EXTRACTED INFORMATION

□ □ □

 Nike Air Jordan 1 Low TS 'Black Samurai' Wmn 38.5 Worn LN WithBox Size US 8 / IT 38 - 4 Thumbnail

□ □ □

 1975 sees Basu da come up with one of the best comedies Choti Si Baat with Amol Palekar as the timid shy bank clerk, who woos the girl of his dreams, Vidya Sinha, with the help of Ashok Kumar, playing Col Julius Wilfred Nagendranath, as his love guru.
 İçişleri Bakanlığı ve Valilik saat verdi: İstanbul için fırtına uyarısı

□ □ □

YOUR INSTRUCTIONS
Look back at the data above. Transcribe exactly the lines starting at the line that contains "1975 sees Basu" and ending at the line that contains "İçişleri Bakanlığı ve".

WRITTEN SOLUTION
 1975 sees Basu da come up with one of the best comedies Choti Si Baat with Amol Palekar as the timid shy bank clerk, who woos the girl of his dreams, Vidya Sinha, with the help of Ashok Kumar, playing Col Julius Wilfred Nagendranath, as his love guru.
 İçişleri Bakanlığı ve Valilik saat verdi: İstanbul için fırtına uyarısı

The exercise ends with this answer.